Are you wondering if you should pay off your mortgage before investing your spare cash in the ASX? You've come to the right place.
If you're a homeowner, congratulations. You're already a proactive investor.
Many experts advise to diversify your investment portfolio as much as possible. Investing in shares may offer some protection if the residential property market reduces in value.
If you've already committed to your property investment and you're comfortable not immediately paying off your mortgage, maybe the share market is your next mountain.
What ASX investment strategies might work best for people paying down a mortgage?
It's incredibly important that you take a personal approach to investing. Your individual situation must be considered before taking action and this article only contains general advice.
With that in mind, here are 2 ASX investment strategies that could be attractive to those with a mortgage.
Rather than paying extra off of your mortgage, put that cash towards accumulating compound interest
This strategy can be a relatively safe bet for simple, low-maintenance investing.
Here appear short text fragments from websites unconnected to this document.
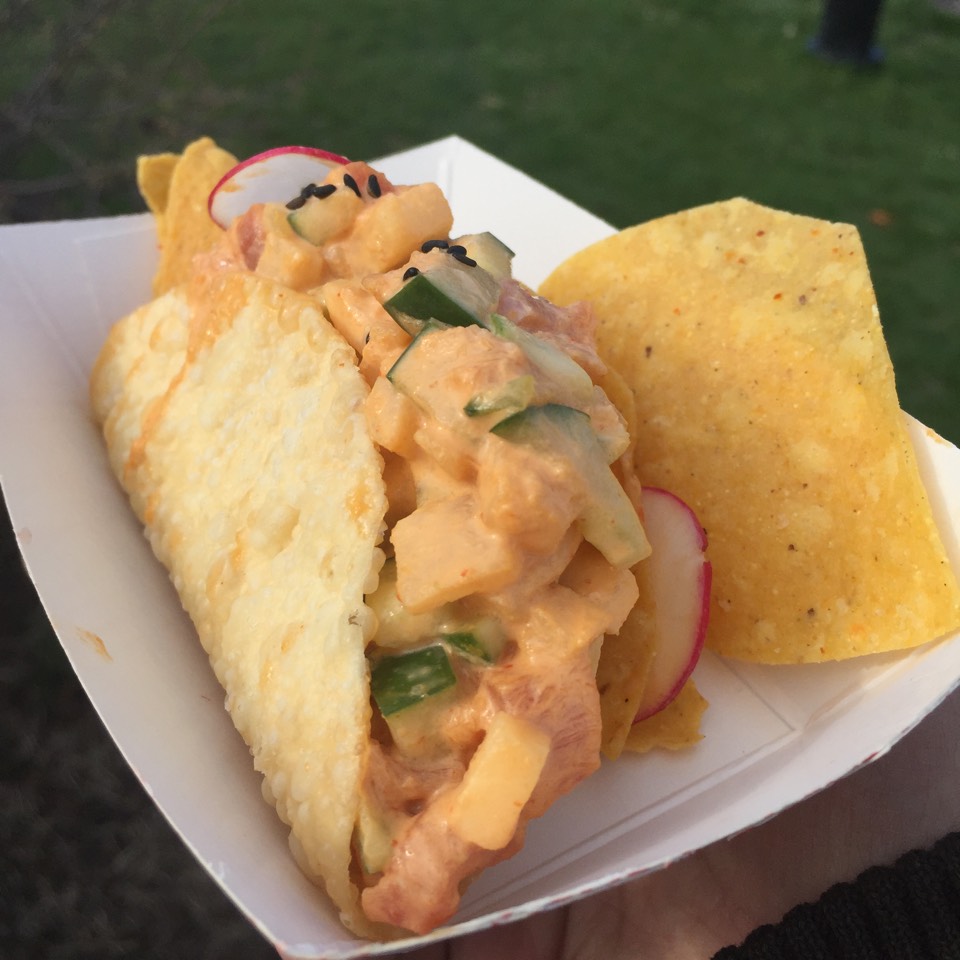 Taco (Spicy Tuna) @ Takumi at Smorgasburg Williamsburg on #foodmento http://foodmento.com/place/2984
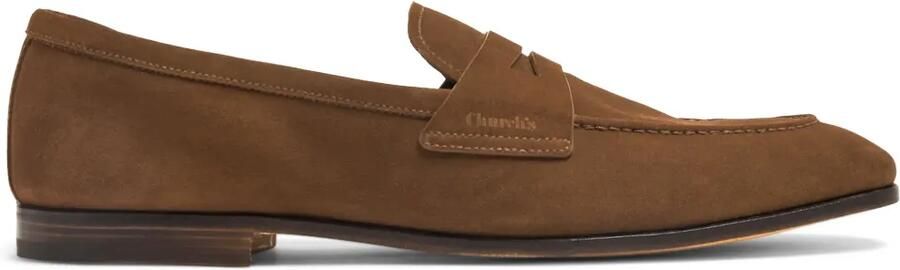 Church's Leren loafers Bruin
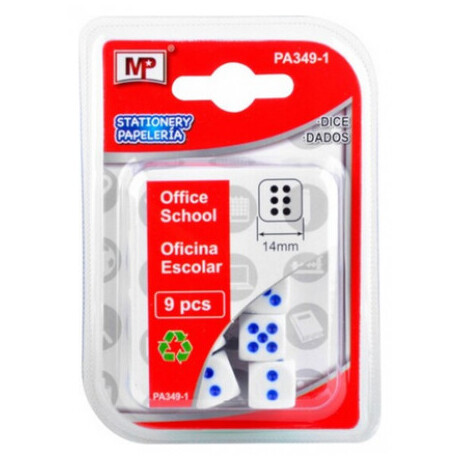 Ζάρια MP 14mm 9τμχ PA349-1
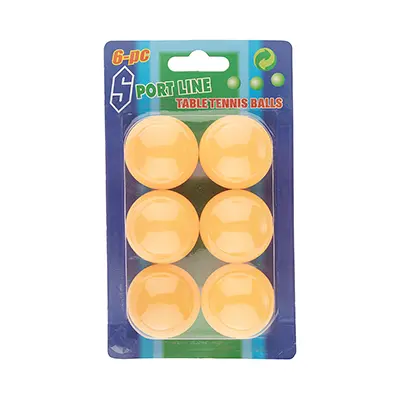 a90cd341-e10b-45dc-91e1-18297a0b13d1 توپ پینگ پنگ SPORT LINE بسته 6 عددی | نارنجی - Image 1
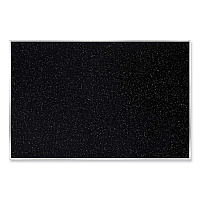 Ghent Satin Aluminum-Frame Recycled Rubber Bulletin Boards, 144.5 x 48.5, Confetti Surface (ATR412CF)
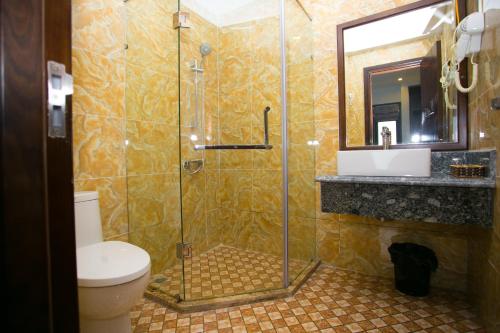 Phòng tắm tại Mộc Trà Hotel Bãi Cháy Hạ Long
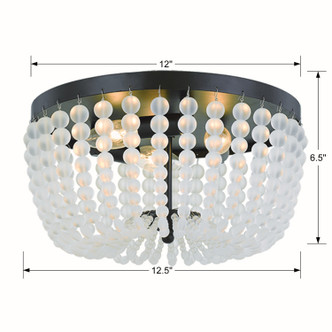 Rylee Three Light Flush Mount (600-MK)
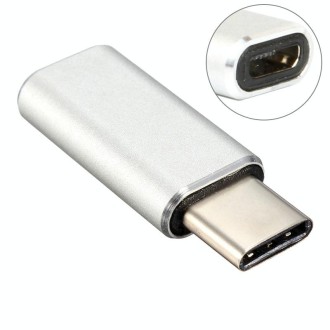 Aluminum Micro USB to USB 3.1 Type-C Converter Adapter(Silver)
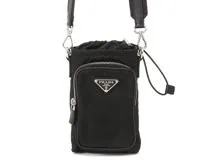 PRADA プラダ Re-Nylon スマートフォンケース ブラック ナイロン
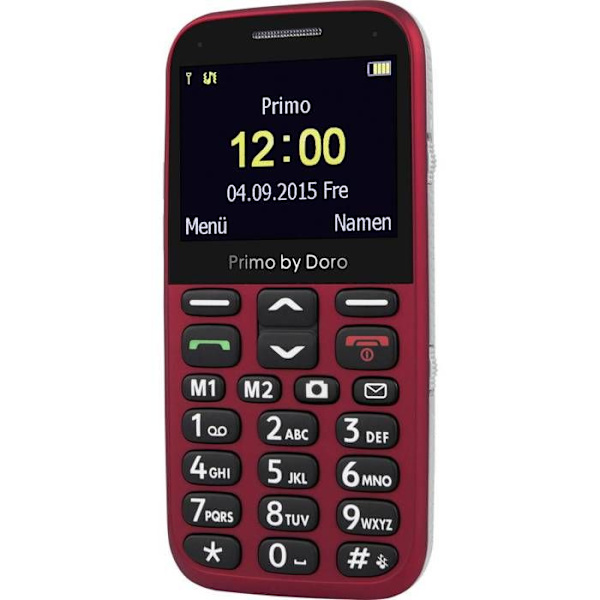 Doro Primo 366, Bar, Single SIM, 5,84 cm (2,3"), 0,3 MP, 1000 mAh, Röd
This approach works because of compounding interest rates. If you're staring at your screen blankly, check out this breakdown of investing in shares versus paying down a mortgage.
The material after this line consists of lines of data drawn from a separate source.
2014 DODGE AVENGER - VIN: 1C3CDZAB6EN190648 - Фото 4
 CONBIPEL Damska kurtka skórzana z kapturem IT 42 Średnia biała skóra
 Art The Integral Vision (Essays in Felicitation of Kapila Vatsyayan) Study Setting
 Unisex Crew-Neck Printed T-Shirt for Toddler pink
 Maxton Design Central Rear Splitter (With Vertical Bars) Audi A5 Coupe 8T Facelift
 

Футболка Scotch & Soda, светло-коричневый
Now, obviously, compound interest only works if the market is going up more often than it's going down, and that's never guaranteed. Compounding interest takes time and consistency. Although, if you're already the holder of a mortgage, you're probably well versed in the realities of long-term financial commitments.
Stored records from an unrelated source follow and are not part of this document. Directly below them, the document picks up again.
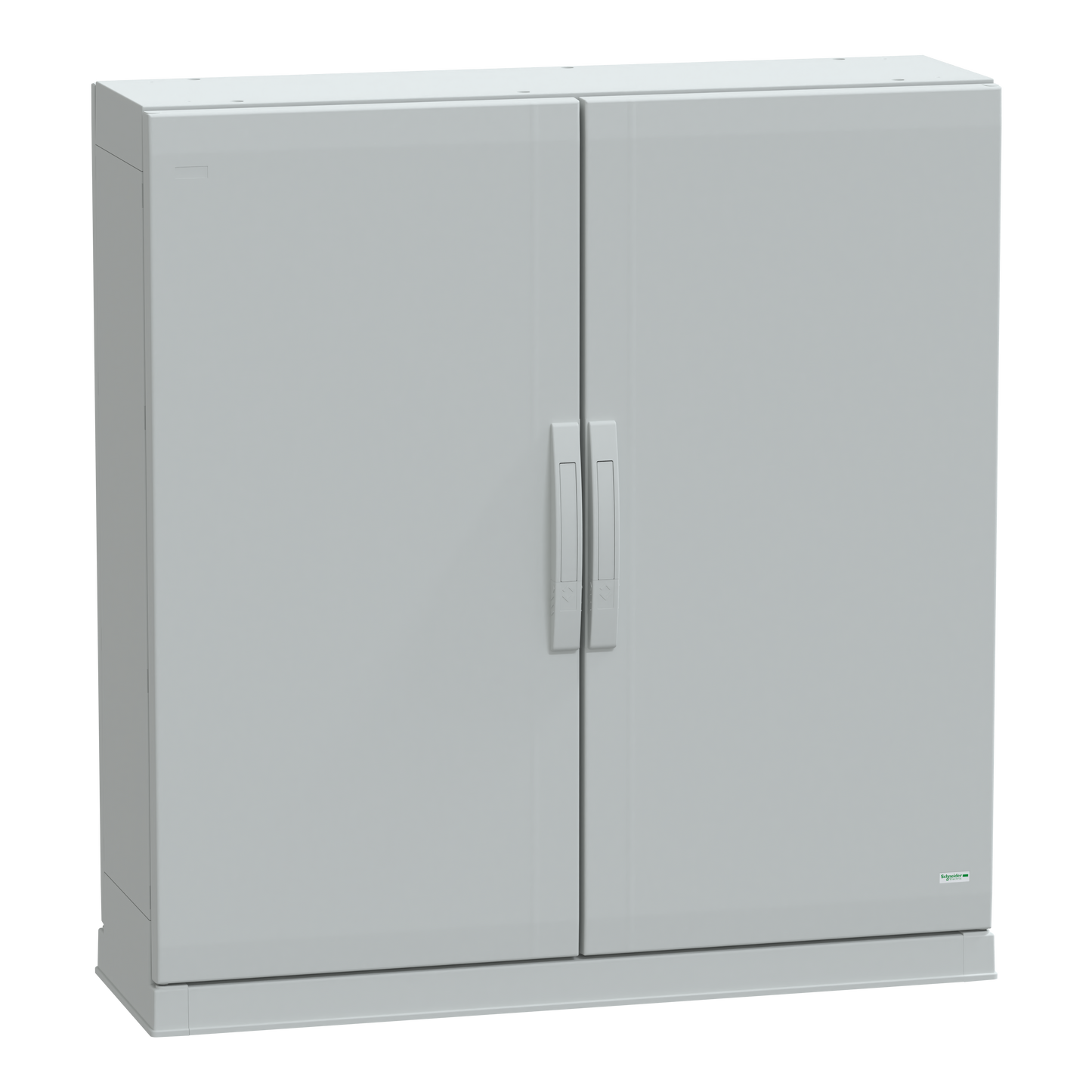 Schneider Electric-NSYPLAZ10103G-Thalassa - Armoire polyester socle 1000x1000x320 - IP54 Ral 7035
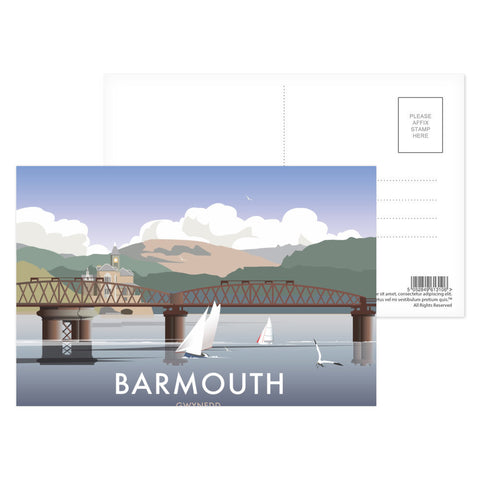 Barmouth, North-West Wales Postcard Pack of 8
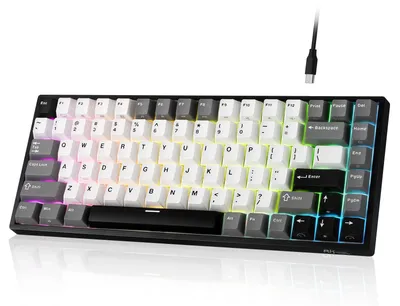 Image de Clavier mécanique 75% TKL, filaire, RGB, avec changement de switch à chaud - 84 touches - matériau PBT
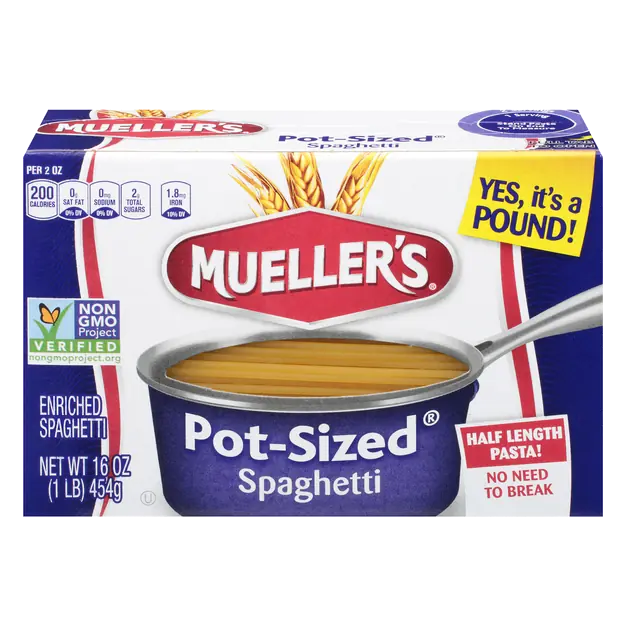 Pot-Sized Spaghetti Pasta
Investing in dividend-paying shares
If you're after a more immediate reward, perhaps dividend-paying shares could be your answer. Dividends are a portion of a company's profits that shareholders are entitled to. Most companies pay their shareholders a dividend every 6 or 12 months, but they can pay more or less regularly. In fact, they don't have to pay at all. Further, the amount that reaches your bank account from your dividend shares is likely to be unstable as it reflects a company's profits and whims.
With that in mind, some investors might find dividends could be a good way to offset a proportion of their mortgage repayments. Or maybe to earn some spending money, especially if most of your disposable income currently goes towards house repayments.
Here's what you need to know before investing in the ASX
Firstly, investing in shares is risky. Even the most stable company, with a perfect record of past performance, can see volatility in its share price for a number of reasons.
Don't let that scare you though. As today's low-interest rates and rising bond prices have made cash savings accounts and bonds less prosperous than they used to be, investing in the share market might be worth considering.
Secondly, make sure you've paid off any high-interest debt before investing in the share market. Compounding interest works the same in reverse — don't let any success you may find on the ASX be depleted by debt.
Finally, make sure you have a few months' expenses left in the bank after you put your savings into any investment. You don't want to find yourself in the position of not being able to support yourself if your income stream stalls.